Any kind of tip is welcome
Thanks for listening :3


----------



## Askari_Nari (Jan 7, 2012)

I liked the first one, but I noticed that when each part played something, it tended to just play that part through the whole song, occasionally fading in and out (except the drums). You should start working on having different sections in your songs that are distinctly different, but not so much that it seems weird. Take Queen's Bohemian Rhapsody for example. It starts with a calm ballad, which builds to a guitar solo before transitioning into a faster, more energetic choral type piece before becoming more hard rock. Then the song ends by returning back to the contemplative theme of the beginning of the song. I know this is kind of harder when it comes to instrumentals, but even the composers of the baroque period did this, and they wrote their music hundreds of years ago, so it is possible, even more so considering the technology that exists and the availability of it. Even something as simple as a key change can work wonders for adding variety to a song.


----------



## Felongo (Jan 7, 2012)

Askari_Nari said:


> I liked the first one, but I noticed that when each part played something, it tended to just play that part through the whole song, occasionally fading in and out (except the drums). You should start working on having different sections in your songs that are distinctly different, but not so much that it seems weird. Take Queen's Bohemian Rhapsody for example. It starts with a calm ballad, which builds to a guitar solo before transitioning into a faster, more energetic choral type piece before becoming more hard rock. Then the song ends by returning back to the contemplative theme of the beginning of the song. I know this is kind of harder when it comes to instrumentals, but even the composers of the baroque period did this, and they wrote their music hundreds of years ago, so it is possible, even more so considering the technology that exists and the availability of it. Even something as simple as a key change can work wonders for adding variety to a song.

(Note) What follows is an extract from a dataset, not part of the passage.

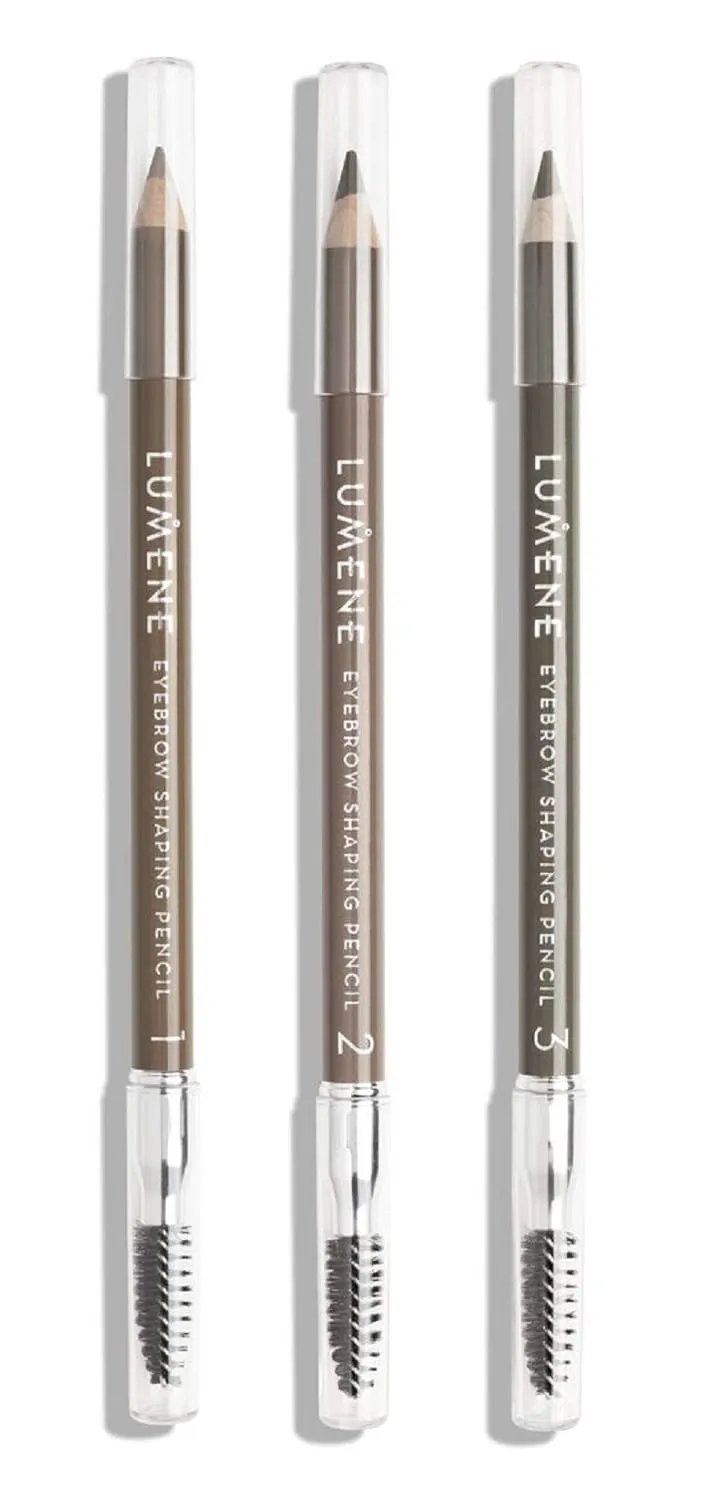 Lumene Eyebrow Shaping Pencil with Brush 1.08 g / 0.04 OZ. (2 Brown)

Yeah I repeated the licks a lot that's true, but is a trance kinda song and is based in repetition. However I didn't want it to sound like over-exploting the lick, but it seems I failed this time xD, next time will have more changes. Thanks for your apretiation!

Well actually, the song has 2 parts, a "verse" and a "chorous" but they are almost the same except for some high notes, so in general it sounds like just 1 part over and over...

At last, yeah Bohemian Rhapsody is a true example of variation whitout losing the focus, I know that song and respect Queen.
Thanks again for your comment, I'll apply these tips next time


----------